What’s it about?
Maycomb, Alabama. Twenty-six-year-old Jean Louise Finch – ‘Scout’ – returns home from New York City to visit her ageing father, Atticus. Set against the backdrop of the civil rights tensions and political turmoil that were transforming the South, Jean Louise’s homecoming turns bittersweet when she learns disturbing truths about her close-knit family, the town and the people dearest to her. Memories from her childhood flood back, and her values and assumptions are thrown into doubt. Featuring many of the iconic characters from To Kill a Mockingbird, Go Set a Watchman perfectly captures a young woman, and a world, in painful yet necessary transition out of the illusions of the past – a journey that can be guided only by one’s own conscience.
To Kill a Mockingbird has been an all time favourite book of mine since reading in school 20+ years ago and is still the only book I’ve ever read several times since. I’ve seen the Gregory Peck movie and a stage play so you could say I love it! So it was kind of out of the blue some 50 odd years later along comes a ‘sequel’ and I use that term lightly. I was intrigued but I waited for all the hype to die down, I’d seen snippets and comments but avoided detailed reviews.
It’s difficult to really tell you anything about this book without spoilers as there’s a lack of any real plot for 75% of the book which makes for a long drawn out read. Lots of padding and not a fat lot going on in my humble opinion. I can totally see how critics have labelled it as a first draft for Mockingbird or even as a companion.
We do revisit with most of the original characters; Jean Louise (Scout) is older, Calpurnia makes a cameo appearance towards the end, Dill is mentioned fleetingly, Henry Clinton is a main player now as her suitor and Atticus; he’s old with crippling arthritis in his hands so is left with his sister Alexandra to care for him.
This really is what happened when Scout grew up and returns to visit Atticus so is more of a coming of age novel in that sense. While it seems to Scout that the rest of the world is moving forward, Maycomb’s views are still very firmly stuck in the past which she really struggles with.

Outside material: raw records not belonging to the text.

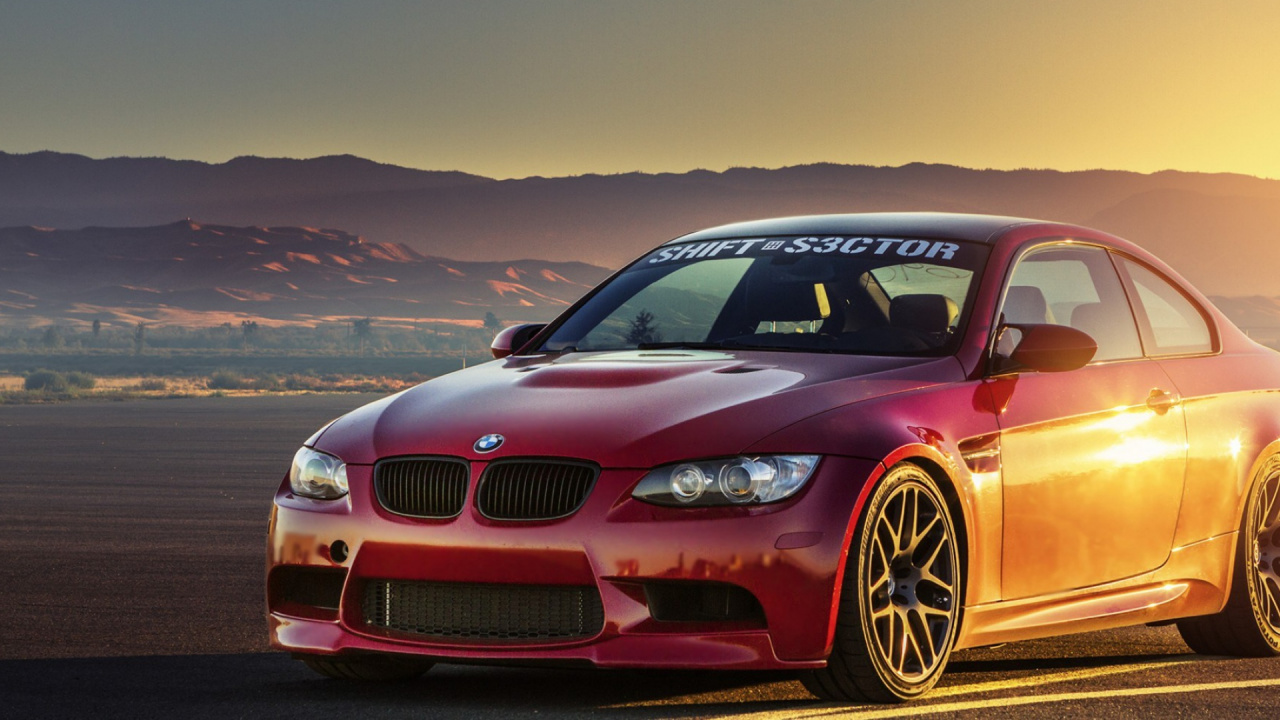 Обои авто, спорткар, bmw, BMW 3 серии E90, колесо в разрешении 1280x720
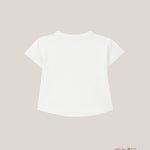 T-shirt neonato SNUG 6S141A Bianca<BR/> 6S141A BIANCO SNUG 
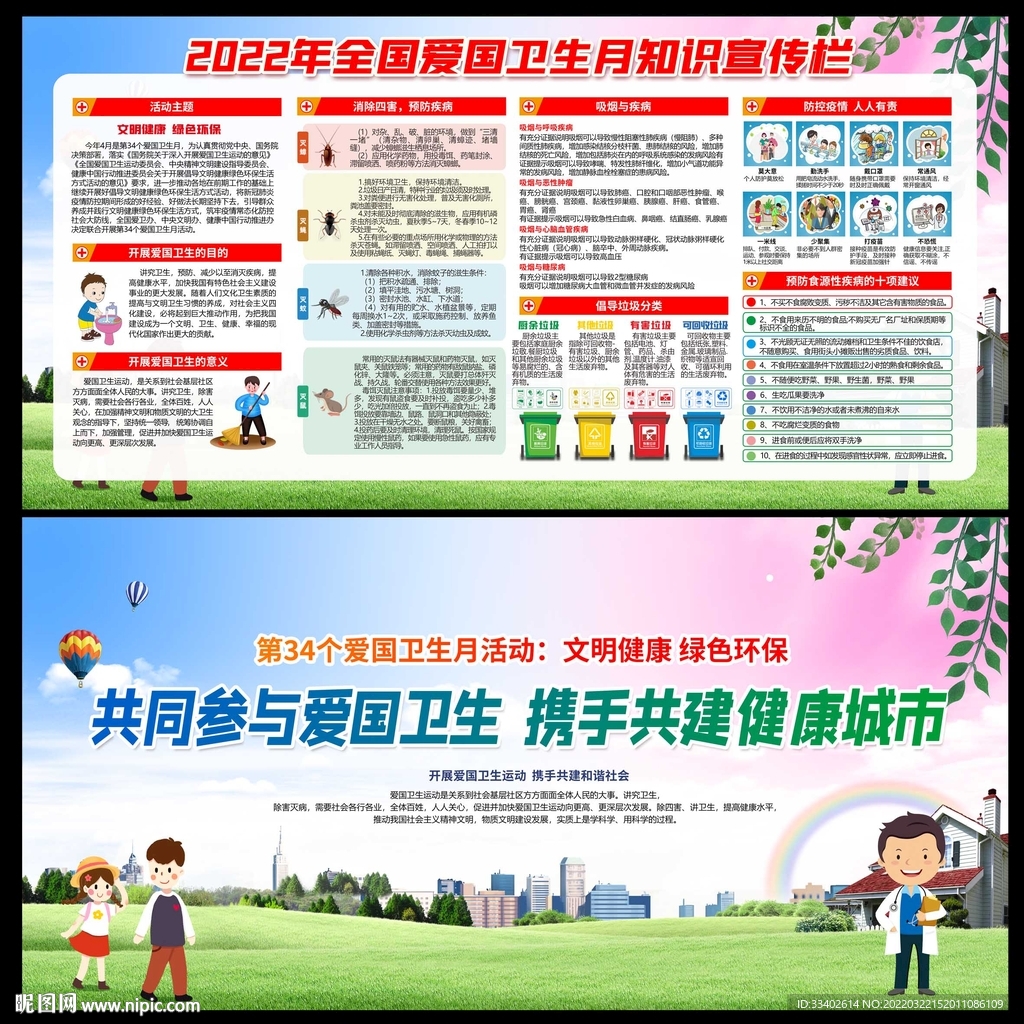 2022年爱国卫生月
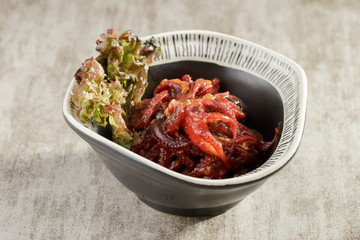 芝麻八爪魚芥辣八爪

It’s very hard reading this book and marrying up the Atticus in TKAM to Atticus in this book as there are conflicting beliefs…I’m not surprised Scout is torn because as reader you are as well.

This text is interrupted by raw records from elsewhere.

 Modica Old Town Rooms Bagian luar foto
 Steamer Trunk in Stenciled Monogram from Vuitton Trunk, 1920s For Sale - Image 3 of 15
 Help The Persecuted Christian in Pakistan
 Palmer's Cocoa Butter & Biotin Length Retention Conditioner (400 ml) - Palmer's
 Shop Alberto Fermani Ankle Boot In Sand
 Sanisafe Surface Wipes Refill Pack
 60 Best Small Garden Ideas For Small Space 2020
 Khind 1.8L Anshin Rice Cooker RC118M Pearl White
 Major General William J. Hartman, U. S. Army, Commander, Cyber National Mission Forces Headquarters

In a nutshell, the last quarter of the book has Scout finally realising that she doesn’t hold the same views as her father and she has a bit of a wake up call that he is no longer the person, the hero figure, she thought him to be.
It was a 3* read for me, I was too curious to read it despite all the criticism it received but I shouldn’t have got sucked into the hype and would have preferred to remember all the characters as they were originally.